New Zealand OCR held at 2.25 percent amid inflation risks
The Reserve Bank of New Zealand's Monetary Policy Committee voted to hold the Official Cash Rate (OCR) at 2.25 percent. The decision comes as the Middle East conflict increases near-term inflation and weakens economic activity.
Inflation peak expected in September
Annual consumer price inflation in New Zealand reached 3.1 percent in the March quarter.
The Committee expects inflation to peak at 4.3 percent in the September quarter before returning to the 2 percent target mid-point by mid-2027.
Despite near-term pressures, core inflation, wage growth, and medium- to long-term inflation expectations remain consistent with the target over the medium term.
The Middle East conflict is identified as a key factor, disrupting global supply chains and increasing prices for petrochemicals, which in turn impacts fuel and other intensive inputs.

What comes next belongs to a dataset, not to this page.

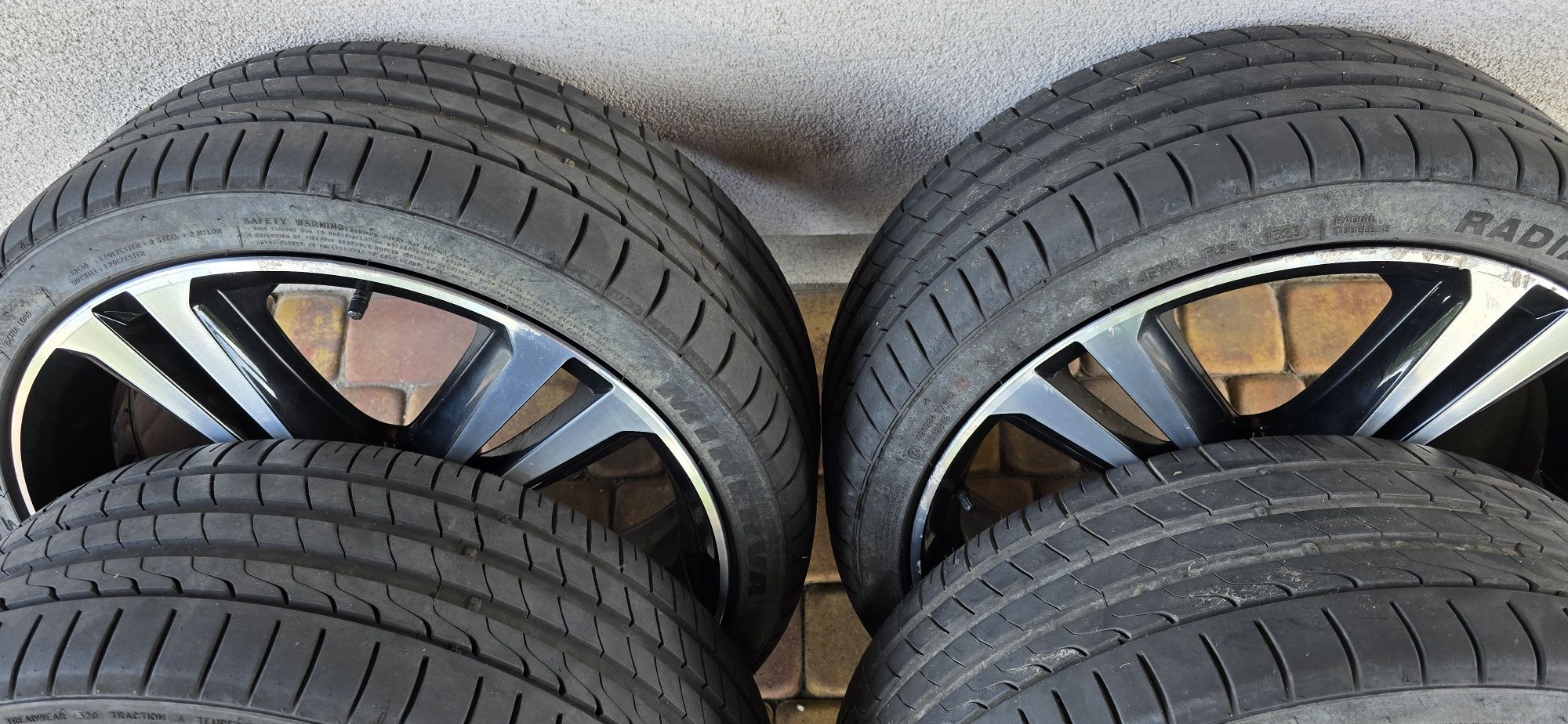 19cali 5x112 orginalne Seat Leon Cupra opony lato 235/35 19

This is expected to drive first-round direct and indirect inflation effects this year, with elevated uncertainty around the near-term forecast.
Weak demand vs. persistent costs
The global economic outlook remains uncertain, with New Zealand's trading partners expected to face weaker growth and higher inflation.
Domestically, business confidence and spending are weak, consumer confidence has fallen, and the housing market remains subdued.
While weak demand and elevated unemployment are expected to dampen medium-term inflation, the Committee remains vigilant against increased costs leading to sustained inflation.
Financial conditions have tightened, with market expectations for central bank policy rates rising globally and domestically.
The Committee noted that the OCR will most likely need to increase sooner and by more than previously envisaged, with the pace depending on the balance between persistent wage- and price-setting behaviour and weaker economic activity.